En nuestro país todo parece que es más rígido, y más áspero. Las conexiones entre las artes estallan con más dificultad. No es infrecuente, por ejemplo, que los escritores declaren sin apuro su insensibilidad hacia la música. Un melómano entregado como Pérez Galdós es una excepción en un panorama de árida sordera.
Por eso resalta tanto entre nosotros una figura de conexiones tan plurales como Federico García Lorca. Su primera
vocación no fue la de poeta.

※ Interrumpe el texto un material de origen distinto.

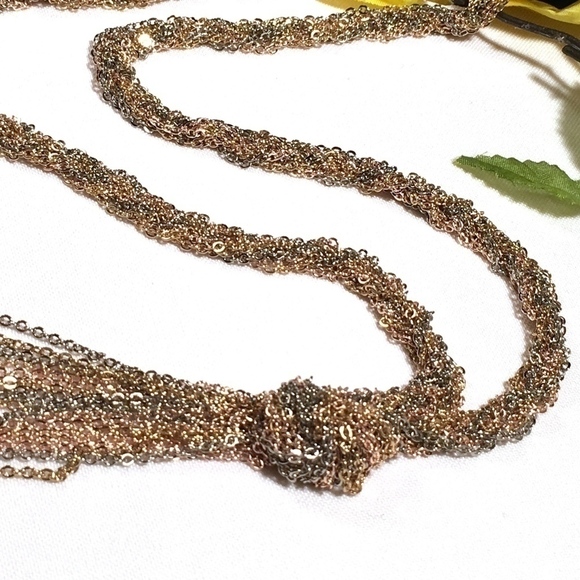 𝅺3/$29! GUESS Twisted Multi-Chain Tassel Necklace - Picture 4 of 8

Lorca estuvo a punto de dedicarse a una carrera de pianista, y tal vez hasta de compositor, muy alentado por la influencia de su maestro querido y venerado, don Manuel de Falla. Se decidió por la poesía, pero la música, la sensibilidad musical, está tan presente en su obra como la tradición literaria, y lo provee con alguno de los rasgos de su originalidad. El mundo verbal y sonoro de la canción popular, y en particular del flamenco, está en su poesía, y no en un sentido mimético, sino de emulación profunda, como lo está en la obra de Falla, y en la de otro de sus contemporáneos, Béla Bártok. El Poema del cante jondo de Lorca y las Siete canciones populares españolas de Falla son dos ejemplos máximos de cómo la austeridad formal y la intensidad expresiva de la poesía y la música popular influyen en las artes de vanguardia de su tiempo. En el último poema prodigioso de Poeta en Nueva York, Lorca traslada a los versos la cadencia y el ritmo africanos de Cuba.

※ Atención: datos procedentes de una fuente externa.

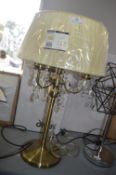 *Diyas Olivia Antique Brass & Crystal Table Lamp w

En la Residencia de Estudiantes, al encontrarse con Dalí y con Buñuel, Lorca establece un glorioso zigzag de aprendizajes compartidos: la pintura, el cine, la música, la poesía. El cine, la pintura y la literatura estaban conectándose y cruzándose en el gran caldo de cultivo de las vanguardias europeas. Emulando a Buñuel, Lorca escribió un guion. De cine, Viaje a la luna. Y al principio de Bernarda Alba dice que las escenas tienen un propósito de documental cinematográfico.
El especialista quiere encerrarse obsesivamente en su especialización. Y es verdad que la solvencia en el dominio técnico de cualquier arte requiere una dedicación concentrada e incesante. Pero el aprendizaje exige un doble recorrido: concentración y expansión, salida y encierro, disciplina y abandono. Irse por las raíces, pero también irse por las ramas. Del pintor o del fotógrafo un novelista puede aprender las posibilidades de la economía narrativa. De un músico, el sentido de la composición y de la fluidez, la idea de que la escritura no es una tipografía inmóvil sobre la página, sino un fraseo que se desarrolla en el tiempo. Del científico y el historiador puede aprender la atención meticulosa a los hechos, el deseo de un máximo de precisión en el uso de las palabras. La conciencia, dicen los neurocientíficos, es un estado de máxima conectividad entre regiones del cerebro muy alejadas entre sí. También en eso consiste la creación, cualquiera que sea, y también la simple y complicada plenitud de la vida.